Опять «Подорожник» и «Вечер».

Показала мне отрывок из очерка или, точнее, предисловия Пастернака к сборнику стихов – предисловия, о котором я много слышала159. Говорят, оно написано им как бы взамен моей любимой, любимейшей «Охранной грамоты», которую сам он уже не одобряет. В том отрывке, который Анна Андреевна теперь сердито дала мне прочитать и уже не раз поминала, «Вечер» действительно перепутан с «Подорожником». Но такое ли уж это преступление? Описка, обмолвка, неряшество – только и всего. А она – в гневе… Жаль, жаль, жаль. Ведь сама же она говорила мне когда-то – без гнева и с юмором – что Борис Леонидович не знает ее стихов[234]. Потом она увела меня к себе в комнату и села на постель под рисунком Модильяни[235]. Комната на этот раз приведена в более ахматовский вид: Модильяни, а в углу икона, а над тумбочкой – старинное круглое зеркало, а на книжной полке «надбитый флакон», не сам он, а его изображение.

Анна Андреевна вынула из чемоданчика и прочитала мне свои новые записки об Осипе Эмильевиче: не поймешь, прочно ли стоит на ногах ее проза? но иногда вдруг среди чего-то не вполне определенного – две-три сжатые, разящие строки, в которых передано движение мысли Мандельштама, а иногда ее, ахматовская, улыбка, ее обворожительно-едкий юмор. И тогда рыхлость перестает казаться рыхлостью.

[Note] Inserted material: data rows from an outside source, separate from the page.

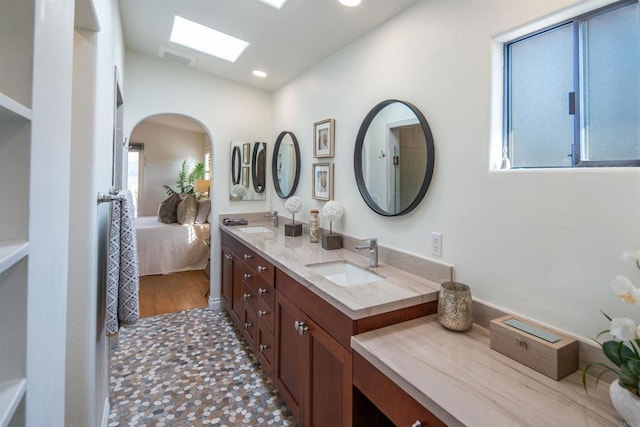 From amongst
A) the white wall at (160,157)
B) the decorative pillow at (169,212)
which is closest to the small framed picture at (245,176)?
the decorative pillow at (169,212)

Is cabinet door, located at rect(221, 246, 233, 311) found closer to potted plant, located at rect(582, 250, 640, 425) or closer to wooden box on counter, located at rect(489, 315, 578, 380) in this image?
wooden box on counter, located at rect(489, 315, 578, 380)

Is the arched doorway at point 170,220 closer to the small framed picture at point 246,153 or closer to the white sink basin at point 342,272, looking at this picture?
the small framed picture at point 246,153

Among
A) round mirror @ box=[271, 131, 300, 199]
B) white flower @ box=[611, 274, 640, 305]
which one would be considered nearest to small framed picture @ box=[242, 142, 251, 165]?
round mirror @ box=[271, 131, 300, 199]

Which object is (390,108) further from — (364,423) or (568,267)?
(364,423)

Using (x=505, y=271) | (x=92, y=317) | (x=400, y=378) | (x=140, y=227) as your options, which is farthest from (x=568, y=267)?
(x=140, y=227)

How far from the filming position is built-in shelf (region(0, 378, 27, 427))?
50 centimetres

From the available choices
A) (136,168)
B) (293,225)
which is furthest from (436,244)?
(136,168)

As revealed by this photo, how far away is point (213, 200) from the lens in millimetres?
3352

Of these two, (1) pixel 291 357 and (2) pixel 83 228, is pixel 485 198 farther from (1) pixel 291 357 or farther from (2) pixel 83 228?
(2) pixel 83 228

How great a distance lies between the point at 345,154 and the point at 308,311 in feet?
3.98

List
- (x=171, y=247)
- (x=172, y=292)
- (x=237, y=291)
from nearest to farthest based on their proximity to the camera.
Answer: (x=237, y=291) < (x=172, y=292) < (x=171, y=247)

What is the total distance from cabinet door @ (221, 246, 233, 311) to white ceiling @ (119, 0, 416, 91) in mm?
1781

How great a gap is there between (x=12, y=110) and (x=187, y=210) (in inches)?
177

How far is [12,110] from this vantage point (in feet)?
1.67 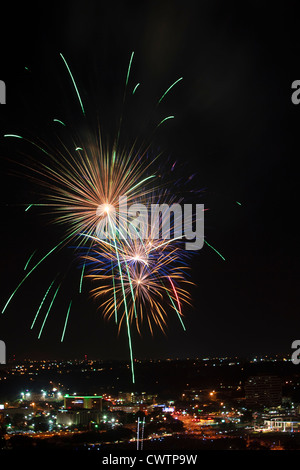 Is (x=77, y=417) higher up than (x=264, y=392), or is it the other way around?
(x=77, y=417)

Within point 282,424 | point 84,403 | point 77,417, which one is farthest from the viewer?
point 84,403

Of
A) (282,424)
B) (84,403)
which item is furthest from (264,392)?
(84,403)

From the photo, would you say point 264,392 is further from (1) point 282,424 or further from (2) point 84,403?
(2) point 84,403

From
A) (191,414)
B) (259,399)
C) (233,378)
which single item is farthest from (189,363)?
(191,414)

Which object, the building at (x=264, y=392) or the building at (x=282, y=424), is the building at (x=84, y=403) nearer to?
the building at (x=282, y=424)

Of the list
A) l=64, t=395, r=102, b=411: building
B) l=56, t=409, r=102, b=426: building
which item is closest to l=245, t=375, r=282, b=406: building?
l=64, t=395, r=102, b=411: building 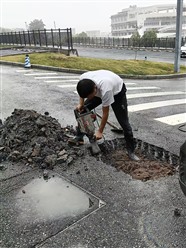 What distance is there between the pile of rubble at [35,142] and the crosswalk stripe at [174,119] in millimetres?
2478

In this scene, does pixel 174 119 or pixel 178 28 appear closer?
pixel 174 119

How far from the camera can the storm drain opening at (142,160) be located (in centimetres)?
375

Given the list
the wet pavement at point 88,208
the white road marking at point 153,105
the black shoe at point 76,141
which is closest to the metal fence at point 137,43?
the white road marking at point 153,105

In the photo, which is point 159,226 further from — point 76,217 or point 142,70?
point 142,70

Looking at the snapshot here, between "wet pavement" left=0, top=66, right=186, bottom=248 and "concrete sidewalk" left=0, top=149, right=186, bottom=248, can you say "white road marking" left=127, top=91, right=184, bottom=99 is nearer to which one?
"wet pavement" left=0, top=66, right=186, bottom=248

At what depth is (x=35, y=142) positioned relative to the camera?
166 inches

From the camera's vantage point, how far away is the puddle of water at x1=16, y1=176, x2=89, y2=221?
2918mm

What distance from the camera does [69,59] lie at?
580 inches

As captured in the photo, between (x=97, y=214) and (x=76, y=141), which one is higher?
(x=76, y=141)

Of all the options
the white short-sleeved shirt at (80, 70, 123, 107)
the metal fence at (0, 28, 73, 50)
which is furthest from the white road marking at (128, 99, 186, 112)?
the metal fence at (0, 28, 73, 50)

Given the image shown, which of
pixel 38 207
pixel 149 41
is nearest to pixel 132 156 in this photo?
pixel 38 207

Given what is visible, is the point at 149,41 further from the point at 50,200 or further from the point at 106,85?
the point at 50,200

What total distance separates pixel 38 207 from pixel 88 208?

– Я прочла это Николаю Ивановичу. Он назвал меня «т-те Хемингуэй». Неужели я могу писать прозу? Никогда не могла.

Потом она заговорила о Достоевском. Оказывается, у нее была специальная работа, посвященная Достоевскому. «Я ее сожгла, когда все жгла».

О «Преступлении и наказании»:

– Это единственный его роман «как у людей». Все происходит по порядку на глазах у читателя. В остальных романах – в «Подростке», в «Бесах» – все основное уже было где-то вдали и давно. Там где-то, у озера в Швейцарии, в прошлом. А в «Преступлении и наказании» все тут же, все у нас на глазах. Зато там есть одна лишняя линия – Мармеладовы. Автору для «Преступления и наказания» одна только Соня нужна, а Екатерина Ивановна и отец – это из другой оперы, это из ненаписанных «пьяненьких».


15 октября 57 Третьего дня вечером была у Анны Андреевны. Неизвестно, то ли микро, то ли не микро, но во всяком случае велено лежать, и она лежит. Гости: Наталия Иосифовна Ильина и Татьяна Семеновна Айзенман[236]. В столовой Нина Антоновна и Пастухова пьют водку с «примкнувшей к ним» Ильиной, а возле Анны Андреевны по очереди – я и Татьяна Семеновна.

Анна Андреевна о стихах Слуцкого:

– Поэзия его лишена тайны. Она вся тут сверху, вся как на ладони. Если же заглянуть вглубь, то позади многих стихов чувствуется быт совершенно мещанский: вязаная скатерть, на стене картина – не то «Переезд на новую квартиру», не то «Опять двойка». В сущности, это плоско. Полуправда, выдающая себя за правду.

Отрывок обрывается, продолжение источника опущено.